In the answer, transcribe exactly the lines from the beginning of the material through the line holding "平和屋着物●越後十日町の一流", and skip every picture.

#### [Input for this task]
◆ ◆ ◆ ◆ ◆ ◆ ◆

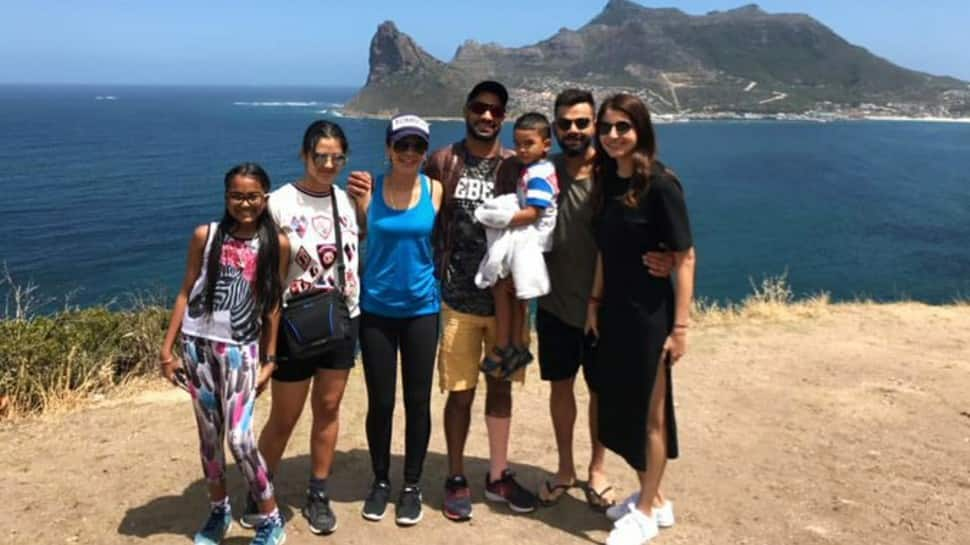 Shikhar Dhawan with wife Aesha and kids seen with India captain Virat Kohli and his wife Anushka Sharma in Cape Town. (Source: Twitter)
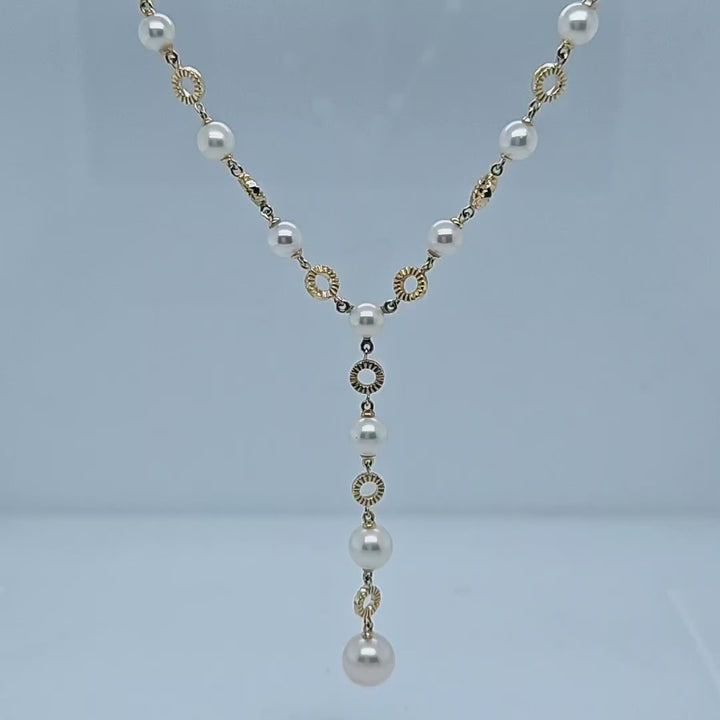 Pearl Station Y Necklace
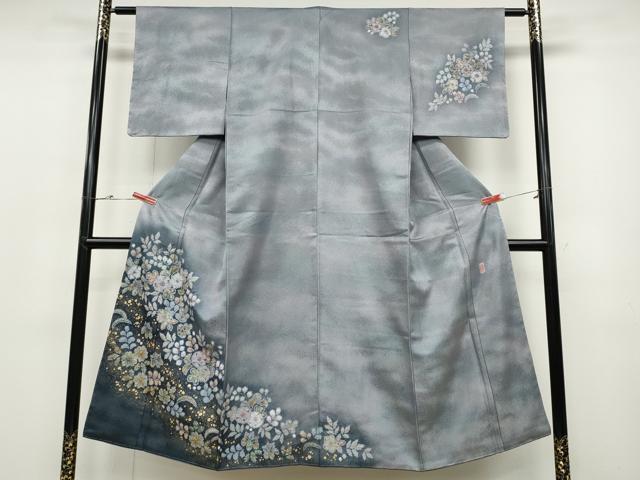 平和屋着物●越後十日町の一流染匠　桐屋・翠山工房　訪問着　辻が花　絞り　銀通し地　やまと誂製　正絹　逸品　未使用　CABC2373ut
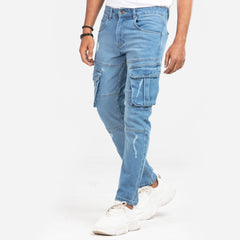 Premium Denim Cargo Pants - Light Blue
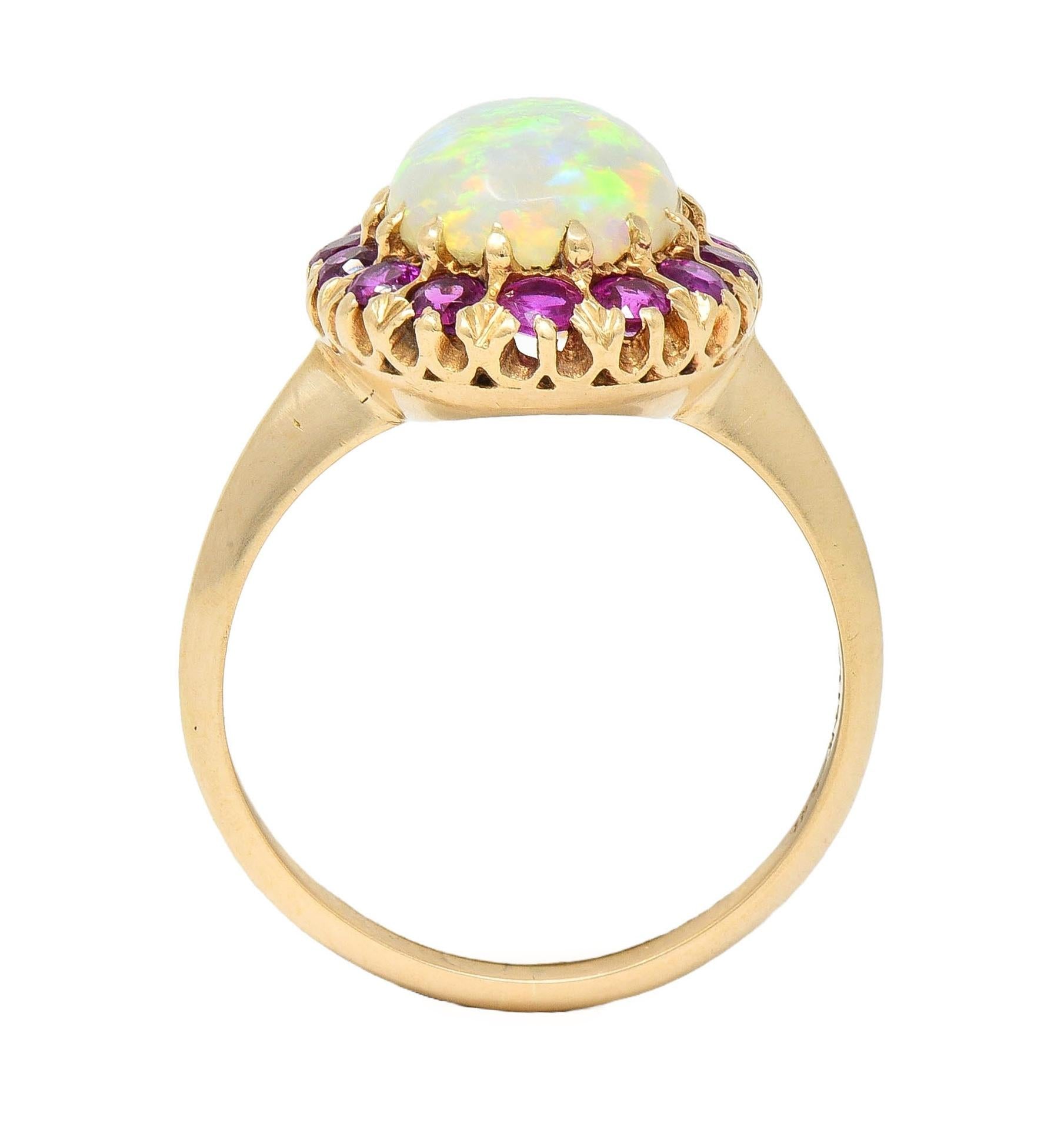 Retro Pink Sapphire Opal 14 Karat Yellow Gold Vintage Halo Ring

◆ ◆ ◆ ◆ ◆ ◆ ◆

#### [Output below]
 Shikhar Dhawan with wife Aesha and kids seen with India captain Virat Kohli and his wife Anushka Sharma in Cape Town. (Source: Twitter)
 Pearl Station Y Necklace
 平和屋着物●越後十日町の一流染匠　桐屋・翠山工房　訪問着　辻が花　絞り　銀通し地　やまと誂製　正絹　逸品　未使用　CABC2373ut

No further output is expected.